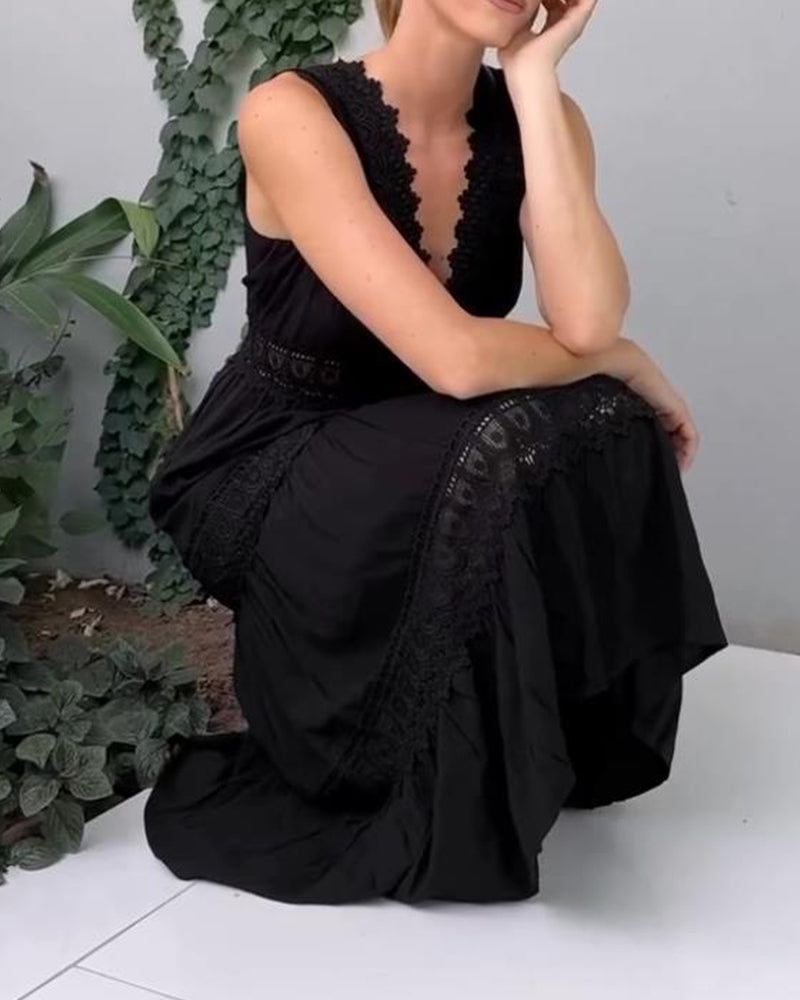 Kayla | Elegant Lace Dress with V-Neck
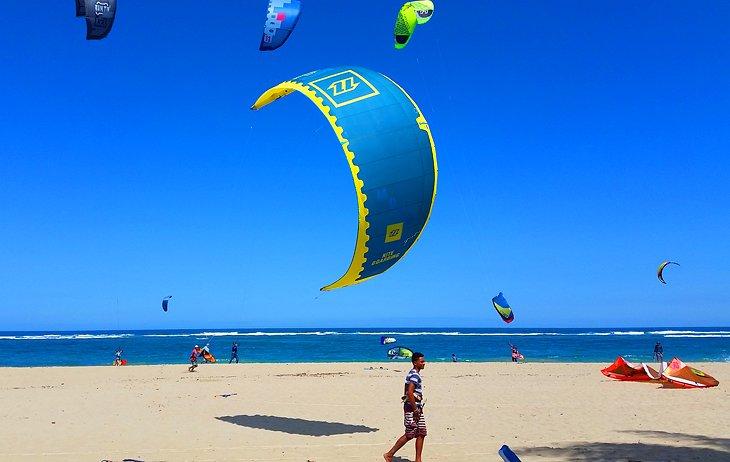 Lanzando una cometa en Kite Beach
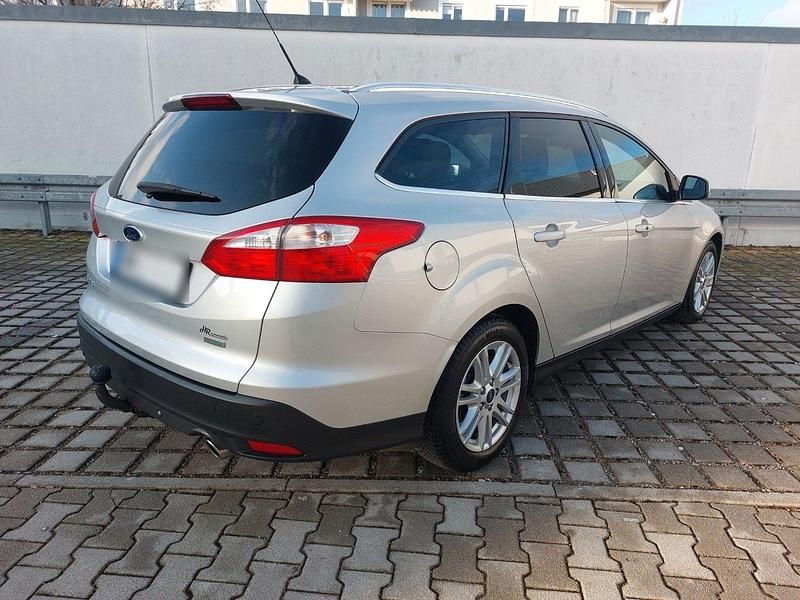 Gebraucht Ford Focus Titanium 182 PS (133 kW) 2014 Silber Kombi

DIRECTIONS — Return the lines above exactly; the images are not part of the copy.

REPLY —
 Kayla | Elegant Lace Dress with V-Neck
 Lanzando una cometa en Kite Beach
 Gebraucht Ford Focus Titanium 182 PS (133 kW) 2014 Silber Kombi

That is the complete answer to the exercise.